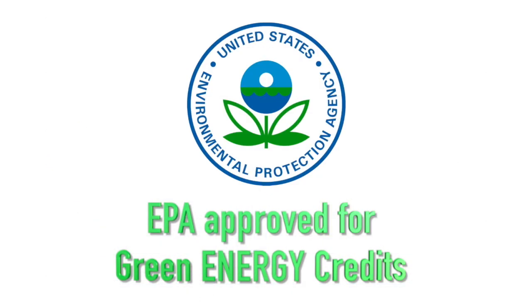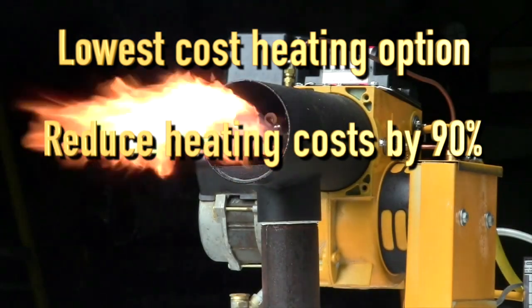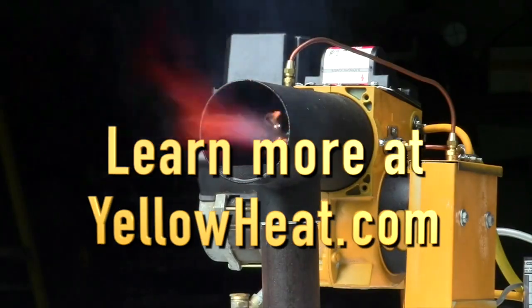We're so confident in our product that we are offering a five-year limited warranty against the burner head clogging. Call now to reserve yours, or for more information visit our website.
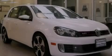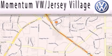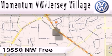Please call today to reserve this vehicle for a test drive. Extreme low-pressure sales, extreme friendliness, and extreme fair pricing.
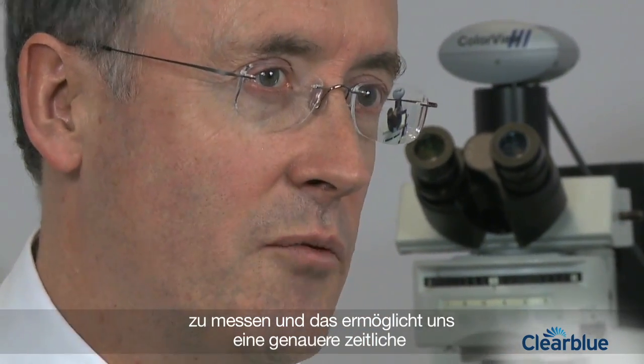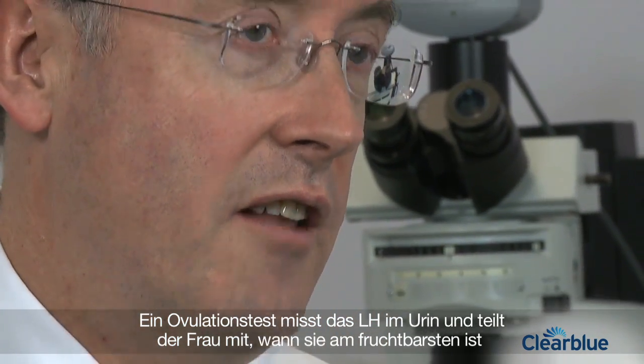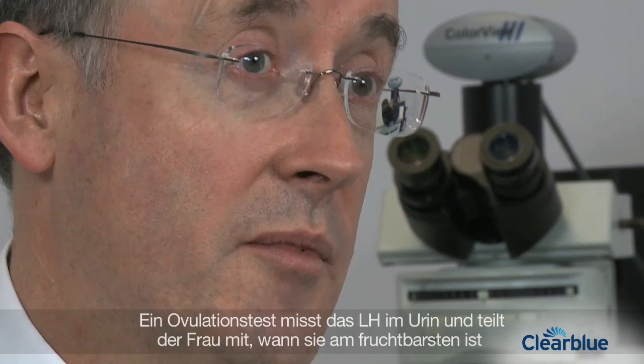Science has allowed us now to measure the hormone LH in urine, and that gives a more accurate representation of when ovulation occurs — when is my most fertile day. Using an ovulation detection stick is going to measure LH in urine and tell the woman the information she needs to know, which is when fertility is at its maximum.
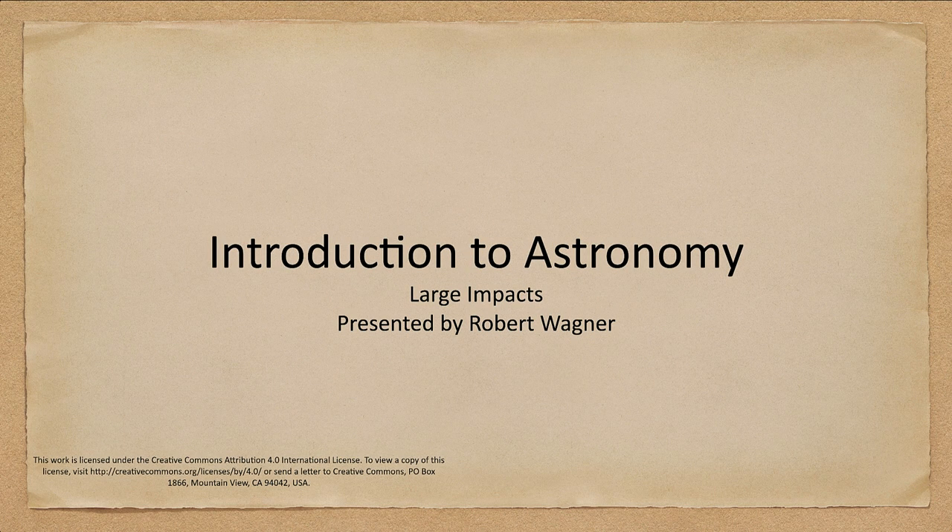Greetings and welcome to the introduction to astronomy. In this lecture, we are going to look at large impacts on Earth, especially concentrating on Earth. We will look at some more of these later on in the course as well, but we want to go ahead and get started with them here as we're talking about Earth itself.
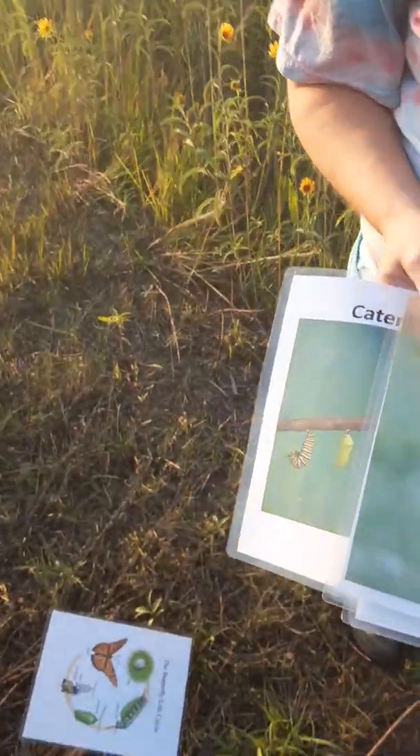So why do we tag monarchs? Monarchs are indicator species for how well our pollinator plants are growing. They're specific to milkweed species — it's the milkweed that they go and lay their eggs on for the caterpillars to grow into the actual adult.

************

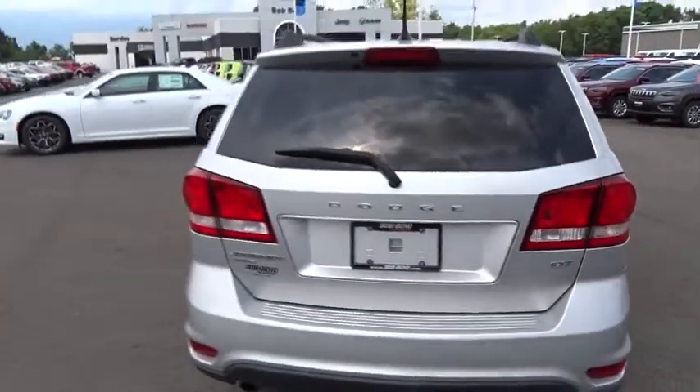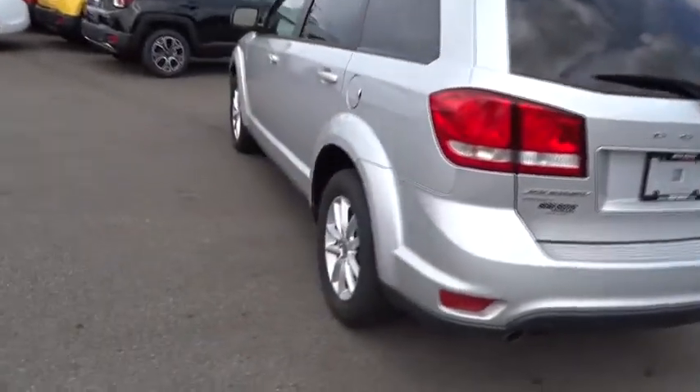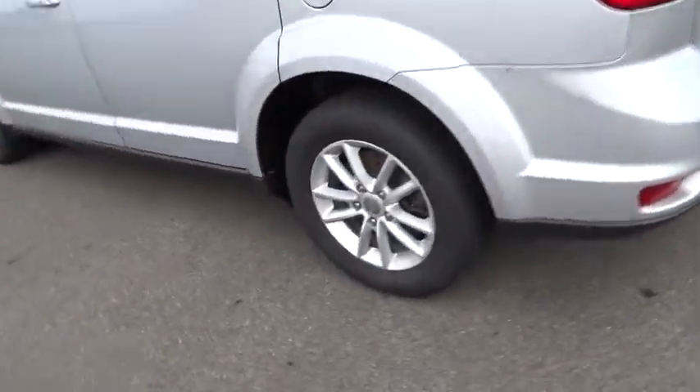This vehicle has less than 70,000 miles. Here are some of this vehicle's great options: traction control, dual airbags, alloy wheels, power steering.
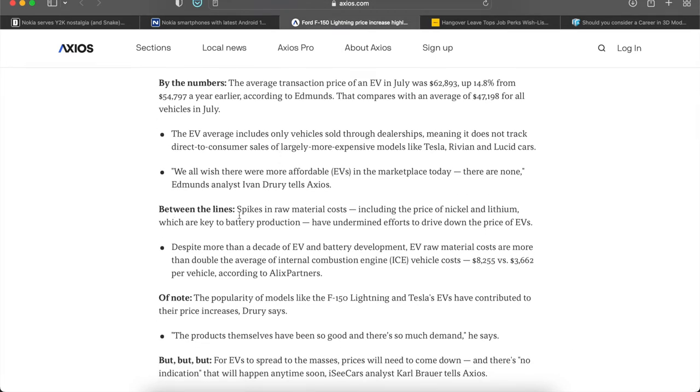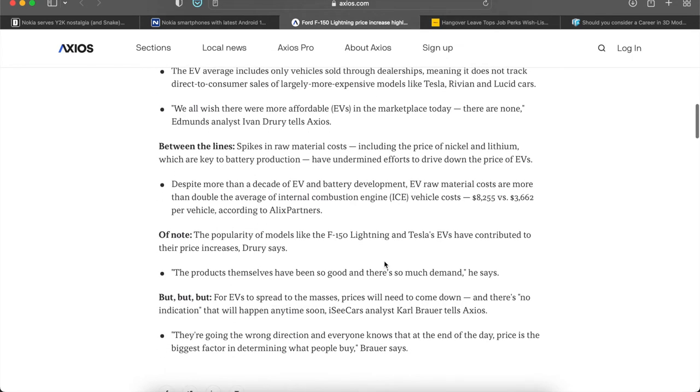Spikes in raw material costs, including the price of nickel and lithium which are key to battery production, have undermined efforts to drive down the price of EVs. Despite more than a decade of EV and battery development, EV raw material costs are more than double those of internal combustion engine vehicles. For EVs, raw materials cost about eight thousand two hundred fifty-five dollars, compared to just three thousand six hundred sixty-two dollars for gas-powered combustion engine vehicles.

************

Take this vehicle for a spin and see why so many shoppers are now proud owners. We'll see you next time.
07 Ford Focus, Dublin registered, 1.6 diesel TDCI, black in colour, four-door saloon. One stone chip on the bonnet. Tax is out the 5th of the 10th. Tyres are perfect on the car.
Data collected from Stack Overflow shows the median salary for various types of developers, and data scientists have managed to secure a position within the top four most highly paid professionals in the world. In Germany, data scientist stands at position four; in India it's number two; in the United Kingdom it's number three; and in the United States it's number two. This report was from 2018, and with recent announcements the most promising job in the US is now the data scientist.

************

**Work order:** Your answer should be the lines above, from the line containing "07 Ford Focus, Dublin" up to and including the line containing "Data collected from", reproduced exactly and with nothing else.

**Response to this exercise:**
07 Ford Focus, Dublin registered, 1.6 diesel TDCI, black in colour, four-door saloon. One stone chip on the bonnet. Tax is out the 5th of the 10th. Tyres are perfect on the car.
Data collected from Stack Overflow shows the median salary for various types of developers, and data scientists have managed to secure a position within the top four most highly paid professionals in the world. In Germany, data scientist stands at position four; in India it's number two; in the United Kingdom it's number three; and in the United States it's number two. This report was from 2018, and with recent announcements the most promising job in the US is now the data scientist.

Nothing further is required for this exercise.